Two o’clock in the morning

Charles 5 Comments
Charles

Seventy per cent of us want to die at home, surveys tell us.

Probably ninety-eight percent of us, having cared like mad for a dying person, want the corpse out of the house as soon as possible no matter what time of day or night.

I don’t get it. Why the hurry?

5 Comments

  1. Charles

    Not our experience Charles. We have collected more people from home than ever this year, and most folk have been quite happy to have us collect them at least twelve hours after. This brings with it its own headaches for those of us who will not embalm. Centrally heated houses with upstairs bedrooms are warm, and an unembalmed body needs to be cooled down as quickly as possible.

  2. Charles

    That’s interesting, Rupert. I guess you’d hope doctors would proffer advice to turn off the radiator. Difficult for you and potentially distressing for families otherwise.

    I was prompted to put the question about this after chatting to a local funeral director. The 2am call is quite common hereabouts (the bed still warm).

  3. Charles

    Rupert, as your and Claire’s website suggests, you are the exception rather than the rule in that you actively encourage families to participate in everything involved in a funeral; so I’d suggest your clients are exceptional too.

  4. Charles

    Mainstream folk just arent used to corpses -and how they behave. Corpses are ‘alien’ to most.
    (I am such mainstream folk)

    It’s challenging to take resonsibility. It’s like health and going to the doctors: somehow we assume’they’know best. As if your health is something ‘they’ take better care of than oneself.

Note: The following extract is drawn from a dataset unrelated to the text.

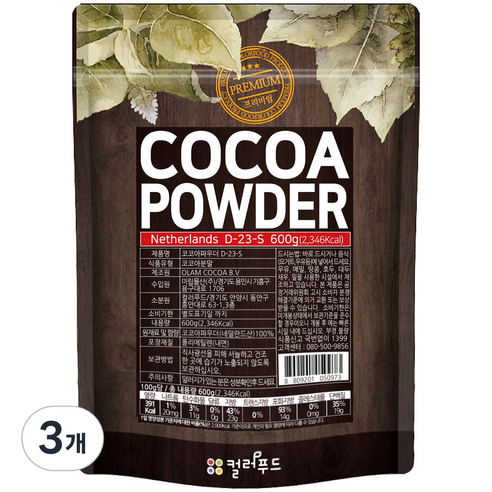 colorfood 코코아 파우더, 600g, 1개입, 3개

    Thanks to reading this blog I have gained such an insite to dying, death ritual and how we dipose of human bodies. Why is this knowledge not part of mainstream education?
    Ah, I guess that would give too much power to individuals, how dare we re-connect so powerfully with this sacred prosess -nature- ouselves?

  5. Charles

    What a valuable perspective from Sonya. How often, in our culture, do we find a specialist activity costed, marketed and then defended to the hilt against “amateurs?”

    Sometimes we need specialists (dentists…)sometimes the specialists would be open to a challenge from the rest of us, in a way that would destroy their ring-fenced incomes.

    E.g. celebrants like me. If people marshalled their resources well in advance – such as family members, books and the internet, the flowers in their gardens and hedgerows, their own music collections, their amateur musician friends – many more people could, I believe, run family funerals themselves, even if they needed undertakers to “deal with” the body. (I think I’m fairly mainstream too, in this area, Sonya!)

    That’s not, of course, just about saving a few bob, it’s about ownership and creative identity, it’s about a fulfilling ritual that enables grieving people to move forward with new meanings for their grief.